La fe que se convirtió en paisaje
El Druidismo es más antiguo que la mayoría de las instituciones humanas supervivientes y trata la naturaleza menos como un conjunto de objetos que como un ciclo capaz de recordar. Su doctrina afirma que la muerte no es final, sino transformación en árbol; el sol y la luna marcan los ritmos mediante los que la existencia cambia de forma en vez de desaparecer. La fuente lo resume después como una religión que conserva la Memoria colectiva del continente. Políticamente, esto vuelve al Druidismo peligroso para todo sistema que necesite sustituir el pasado por una historia oficial más limpia.
La Primera Era Humana asigna a los druidas un papel aún más extraño. Eran arqueólogos del viejo mundo. No afirmaban inventar magia de la nada: excavaban la Armonía élfica, la Estructura enana y el poder dracónico, y después pasaban esas energías antiguas por la nueva capacidad humana de ejercer la Voluntad libre. En otras palabras, el Druidismo temprano se situaba en la bisagra entre cosmologías muertas y magia humana. Una arboleda no era solo un templo. Podía ser un lugar de investigación, un archivo, un instrumento y un testigo vivo de reglas anteriores a una historia humana que pudiera contarse.
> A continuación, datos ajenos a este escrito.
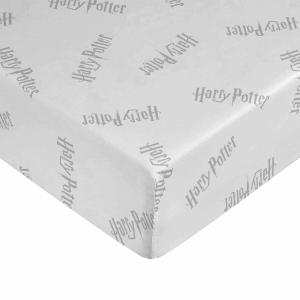 Play Fabrics Lower Harry Potter 180x200 Cm Bianco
Después los druidas desaparecieron. Una fuente dice que fueron los primeros en comprender que la humanidad elegiría el oro y que se adentraron «en la niebla», quizá literalmente y quizá de manera simbólica. Un resumen histórico posterior es más prudente: los druidas abandonaron Velmir repentinamente, sus arboledas se convirtieron en ruinas oraculares llenas de voces resonantes y la razón del éxodo sigue siendo desconocida. El Códice debe conservar ambas capas. La advertencia sobre el oro puede ser cierta, una interpretación posterior o el sentido atribuido a una desaparición cuya explicación original se perdió.
Lo que queda es una fe relegada a los bosques, pero no obsoleta. La Espesura Antigua, los territorios de los hombres bestia y las arboledas en ruinas conservan la idea de que la propia naturaleza puede portar Memoria durante más tiempo que cortes o archivos. La Magia Druídica sigue siendo más fuerte donde un bioma vivo puede participar en el trabajo, pero la religión es más amplia que esa escuela: es una ética de continuidad, transformación y escucha. La fuente sugiere expresamente que el Druidismo podría regresar como contrapeso del culto de las Hadas porque su autoridad procede del contacto directo con el tejido de la naturaleza, no del oro, el teatro o el Nodo. La desaparición de su sacerdocio quizá sea, por tanto, menos un final que el acto más druídico imaginable: abandonar la institución para que el paisaje pueda seguir hablando.